Un fantasma pardo recorre el mundo ante la estupefacción de casi todos, arrasando derechos que creíamos consolidados, cuestionando algunos de los propios fundamentos de la democracia. No cabe duda de que el fenómeno se inscribe en una coyuntura mundial pendular, fruto de la reacción contra los movimientos transformadores que emergieron como consecuencia de la crisis. Pero cada situación concreta tiene sus especificidades, una suerte de traducción de las dinámicas globales a la lengua del proceso político nacional. En el caso español, el auge de la extrema derecha habla la lengua de la crisis territorial.

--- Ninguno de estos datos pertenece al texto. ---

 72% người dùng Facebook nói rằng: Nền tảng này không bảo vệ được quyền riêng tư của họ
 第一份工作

Las razones que explican el fenómeno ultra en España son diversas, pero a estas alturas mal haríamos si nos dedicáramos a buscar las causas en vez de enfrentar las consecuencias. Para esto último es necesario, sin embargo, una buena interpretación de nuestro tiempo, un juicio de situación que ofrezca una herramienta útil para no malgastar esfuerzos en asuntos colaterales.

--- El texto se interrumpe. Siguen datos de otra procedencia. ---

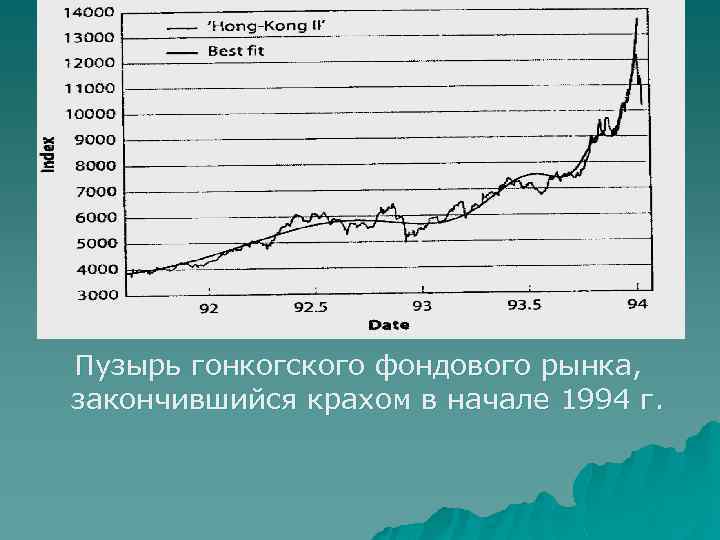  Пузырь гонкогского фондового рынка, закончившийся крахом в начале 1994 г.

La imagen de miles de personas reunidas en un acto de la ultraderecha en Madrid posee el potencial simbólico suficiente, quizá, como para ser noticia, pero no supone una amenaza inminente

En las masivas contramanifestaciones convocadas por plataformas cercanas a Ciudadanos, como Societat Civil Catalana, durante las semanas posteriores al referéndum del 1-O, estuvo presente, ciertamente, una multitud que no puede ser reducida a la extrema derecha. Sin embargo, el éxito de estas movilizaciones proviene de haber conseguido articular en torno a un difuso discurso sobre la amenaza a la unidad nacional una serie de demandas y resentimientos que hasta ese momento permanecían más o menos disociados o vinculados a los nuevos actores de la izquierda política y social. Por supuesto, el principal ítem sigue siendo la cuestión catalana, pero a su alrededor han ido adhiriéndose en estos últimos meses elementos que forman parte del sentido común de nuestra época: el rechazo a las élites, la crítica radical de los partidos políticos tradicionales y, en general, de todas las instituciones de representación.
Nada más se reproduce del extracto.